[Opening Records provided section]
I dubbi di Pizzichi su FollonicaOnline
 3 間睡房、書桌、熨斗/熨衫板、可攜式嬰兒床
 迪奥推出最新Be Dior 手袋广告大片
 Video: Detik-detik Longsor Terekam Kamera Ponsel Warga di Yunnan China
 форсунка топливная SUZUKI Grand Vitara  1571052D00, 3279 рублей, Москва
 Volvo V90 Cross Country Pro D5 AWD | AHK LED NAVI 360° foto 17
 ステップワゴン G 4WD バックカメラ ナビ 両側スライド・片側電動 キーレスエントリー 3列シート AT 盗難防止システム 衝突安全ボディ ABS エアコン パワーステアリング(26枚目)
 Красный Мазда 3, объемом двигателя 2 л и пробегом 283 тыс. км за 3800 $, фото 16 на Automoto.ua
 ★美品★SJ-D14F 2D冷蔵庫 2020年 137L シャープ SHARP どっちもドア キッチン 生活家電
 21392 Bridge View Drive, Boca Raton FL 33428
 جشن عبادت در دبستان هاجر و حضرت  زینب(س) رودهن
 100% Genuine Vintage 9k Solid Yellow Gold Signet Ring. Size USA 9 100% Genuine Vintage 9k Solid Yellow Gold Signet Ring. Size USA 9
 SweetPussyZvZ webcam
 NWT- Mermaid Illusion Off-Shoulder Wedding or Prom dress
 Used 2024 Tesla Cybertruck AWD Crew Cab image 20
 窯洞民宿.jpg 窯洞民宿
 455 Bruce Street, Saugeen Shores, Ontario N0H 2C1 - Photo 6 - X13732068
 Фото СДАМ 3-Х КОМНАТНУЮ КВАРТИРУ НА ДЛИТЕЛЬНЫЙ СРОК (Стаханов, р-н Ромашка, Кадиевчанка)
[Closing Records provided section]
◆ About this exercise ◆
Reproduce the final stretch of the data above: every line from the one holding "Video: Detik-detik Longsor" through the end, inclusive, exactly as written and nothing else.

◆ Solution to this task ◆
 Video: Detik-detik Longsor Terekam Kamera Ponsel Warga di Yunnan China
 форсунка топливная SUZUKI Grand Vitara  1571052D00, 3279 рублей, Москва
 Volvo V90 Cross Country Pro D5 AWD | AHK LED NAVI 360° foto 17
 ステップワゴン G 4WD バックカメラ ナビ 両側スライド・片側電動 キーレスエントリー 3列シート AT 盗難防止システム 衝突安全ボディ ABS エアコン パワーステアリング(26枚目)
 Красный Мазда 3, объемом двигателя 2 л и пробегом 283 тыс. км за 3800 $, фото 16 на Automoto.ua
 ★美品★SJ-D14F 2D冷蔵庫 2020年 137L シャープ SHARP どっちもドア キッチン 生活家電
 21392 Bridge View Drive, Boca Raton FL 33428
 جشن عبادت در دبستان هاجر و حضرت  زینب(س) رودهن
 100% Genuine Vintage 9k Solid Yellow Gold Signet Ring. Size USA 9 100% Genuine Vintage 9k Solid Yellow Gold Signet Ring. Size USA 9
 SweetPussyZvZ webcam
 NWT- Mermaid Illusion Off-Shoulder Wedding or Prom dress
 Used 2024 Tesla Cybertruck AWD Crew Cab image 20
 窯洞民宿.jpg 窯洞民宿
 455 Bruce Street, Saugeen Shores, Ontario N0H 2C1 - Photo 6 - X13732068
 Фото СДАМ 3-Х КОМНАТНУЮ КВАРТИРУ НА ДЛИТЕЛЬНЫЙ СРОК (Стаханов, р-н Ромашка, Кадиевчанка)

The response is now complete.